Luodian / Otter

🦦 Otter, a multi-modal model based on OpenFlamingo (open-sourced version of DeepMind's Flamingo), trained on MIMIC-IT and showcasing improved instruction-following and in-context learning ability.
https://otter-ntu.github.io/
MIT License
3.54k stars 242 forks source link

About GPU memory? #249

Open zuwenqiang opened 1 year ago

zuwenqiang commented 1 year ago

Hi! I'm using two A100 GPUs, each with 40GB of memory. This is the GPU memory utilization for my training.
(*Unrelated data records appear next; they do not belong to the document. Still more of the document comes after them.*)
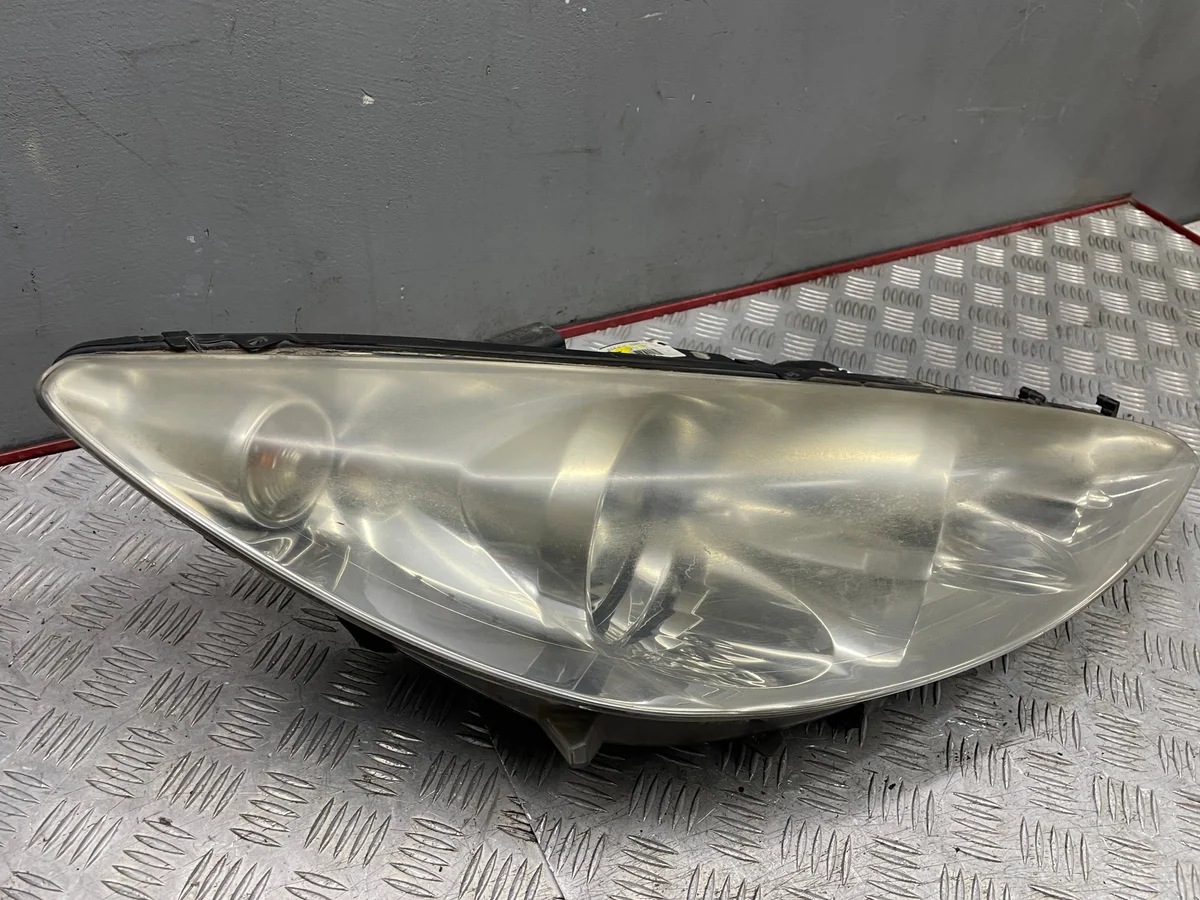 Peugeot 308 T7 Faro delantero derecho 567546756756756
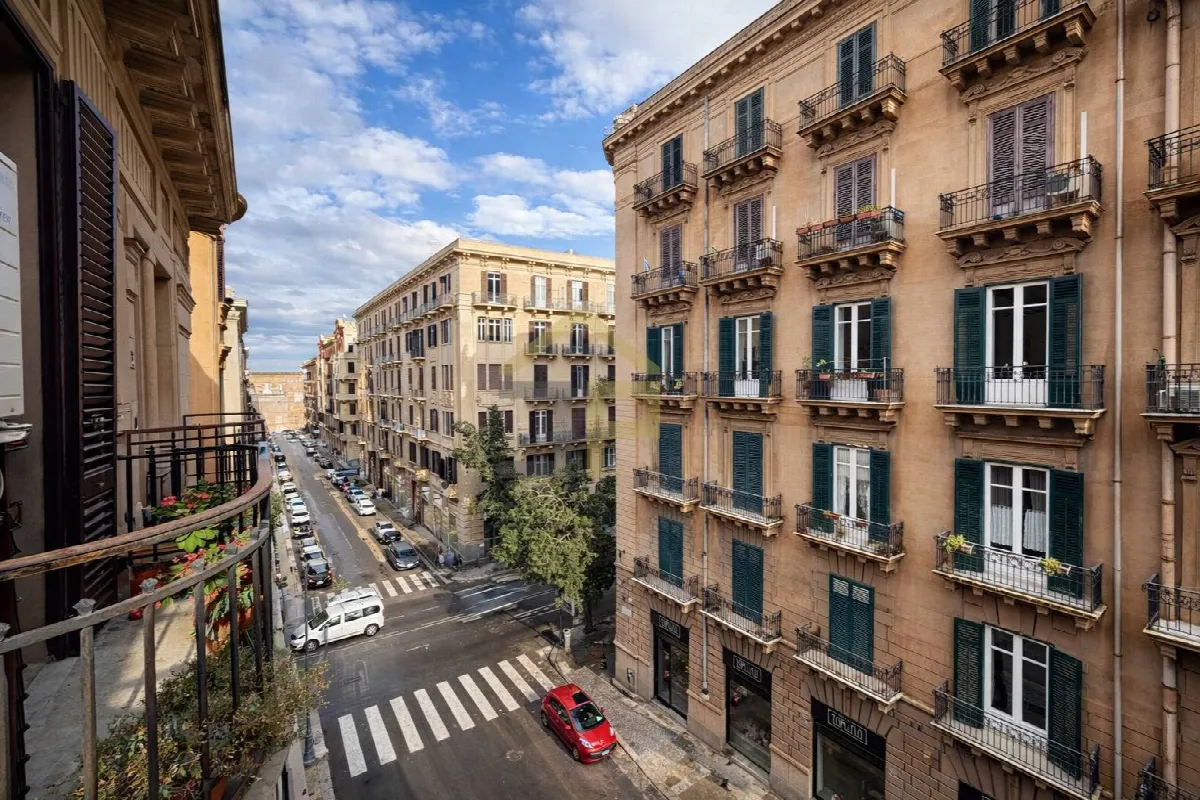 Appartamento in vendita a Palermo, Centro storico - foto 2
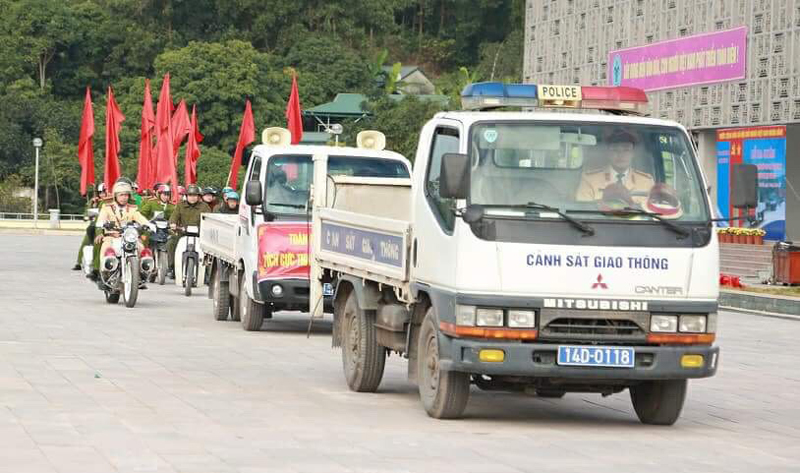 Công an tỉnh Quảng Ninh ra quân đảm bảo ATGT dịp cuối năm.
I'm almost reaching over 90% memory utilization on both A100 GPUs. image

Is this normal? Here's the configuration: accelerate launch --config_file=./pipeline/accelerate_configs/accelerate_config_fsdp.yaml \ pipeline/train/instruction_following.py \ --pretrained_model_name_or_path=luodian/OTTER-LLaMA7B-INIT \ --mimicit_path="path/to/SN_instruction.json" \ --images_path="path/to/SN.json" \ --batch_size=4 \ --num_epochs=9 \ --report_to_wandb \ --wandb_entity=ntu-slab \ --run_name=OTTER-LLaMA7B-densecaption \ --wandb_project=OTTER-LLaMA7B \ --workers=1 \ --lr_scheduler=cosine \ --learning_rate=1e-5 \ --warmup_steps_ratio=0.01

and here's the accelerate config(accelerate_config_fsdp.yaml): compute_environment: LOCAL_MACHINE distributed_type: no downcast_bf16: false machine_rank: 0 main_training_function: main mixed_precision: fp16 num_machines: 1 num_processes: 1 rdzv_backend: static same_network: false tpu_use_cluster: false tpu_use_sudo: false use_cpu: false main_process_port: 20687

zuwenqiang commented 1 year ago

And during training, the system prompts me with "Using dtype torch.float32."

Luodian commented 1 year ago

I think the GPU usage looks normal but you could try with deepspeed_zero2 config and set the num_processes=2.

Luodian commented 1 year ago

using zero2 will be much faster than fsdp if you have 80G A100.